An anonymous reader writes "NASA's Mars rovers have been on the red planet for five years now. The rovers were originally planned to stay operational on the planet for only 90 days, but it has turned into a much longer mission than anticipated. NASA has put together a video to celebrate the anniversary. The rovers have made important discoveries about wet and violent environments on ancient Mars. They also have returned a quarter-million images, driven more than 21 kilometers (13 miles), climbed a mountain, descended into craters, struggled with sand traps and aging hardware, survived dust storms, and relayed more than 36 gigabytes of data via NASA's Mars Odyssey orbiter. To date, the rovers remain operational for new campaigns the team has planned for them."

8 of 147 comments (clear)

  1. typical government project by Anonymous Coward · · Score: 5, Funny

    Supposed to be finished in 90 days, ends up taking 5 years.

    1. Re:typical government project by dotgain · · Score: 5, Funny

      Just stick to the standard 'Whoosh!', please.

  2. Re:Martian moon photos? by ceejayoz · · Score: 5, Informative

    Yes, the rovers have photographed both moons.

  3. Re:Take that flaky humans! by Rinikusu · · Score: 5, Informative

    Actually, when compared to humans, it's not that great. A human could've crossed that 12 miles in a day. Humans can scale that "mountain" and the "crater" in a matter of minutes. Basically, a Human team could've done the entire 5 year mission (so far) in less than a couple days. In fact, with a geologist on board, they probably could've done even more science as other opportunites presented themselves.

    --
    If you were me, you'd be good lookin'. - six string samurai
  4. Re:Fascinating by BZWingZero · · Score: 5, Interesting

    Not only do we have landers, rovers, and satellites around another planet, but we can coordinate them so one of the orbiting satellites can take a picture of a lander as it is landing!

    A photo from Mars Odyssey (satellite) taking a picture of Mars Phoenix Lander with enough detail to see the parachute shroud lines can be found here

  5. Re:Take that flaky humans! by grumbel · · Score: 5, Insightful

    How many rovers could you have send to Mars for the price of a human mission? Around a thousand or so I think, puts things into perspective.

  6. The unofficial diary of a Mars rover driver by ScottMaxwell · · Score: 5, Interesting

    I'm one of MER's rover drivers; I've been on the project from the start. Which has been considerably longer than five years, as development started about 3.5 years before landing, so MER has been the focus of my life for nearly a decade now. I co-wrote the software (RSVP) we use to drive the rovers, and I've been using that software to drive Spirit and Opportunity ever since.

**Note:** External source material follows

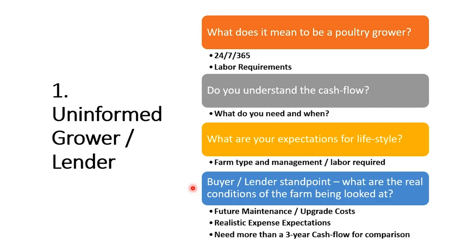Have realistic expense expectations. Lenders and financial institutions often tell you to expect 30–35% of gross revenue paid out in expenses. That may be a decent average, but the range varies greatly. Newer houses may have expenses as low as 20% of gross revenue; older houses may approach 45–50%. Knowing the condition of the houses and having someone look at them closely can help you determine realistic expenses.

    As a contribution to MER's five-year anniversary celebration, I'm blogging my personal mission notes from the early days of the mission. They'll be posted in "real time" -- roughly one update per day, five years after the fact -- at http://marsandme.blogspot.com/. First update will be tonight around 18:30 (Pacific time).

    Be prepared to stick with it; it's a little slow for the first few days. And be aware that it's a personal activity, not a JPL-sponsored activity, so I occasionally swear and stuff. But if you're a fan of the rovers, it will, I hope, give you a new insight into what it's been like to be a small part of an historic adventure.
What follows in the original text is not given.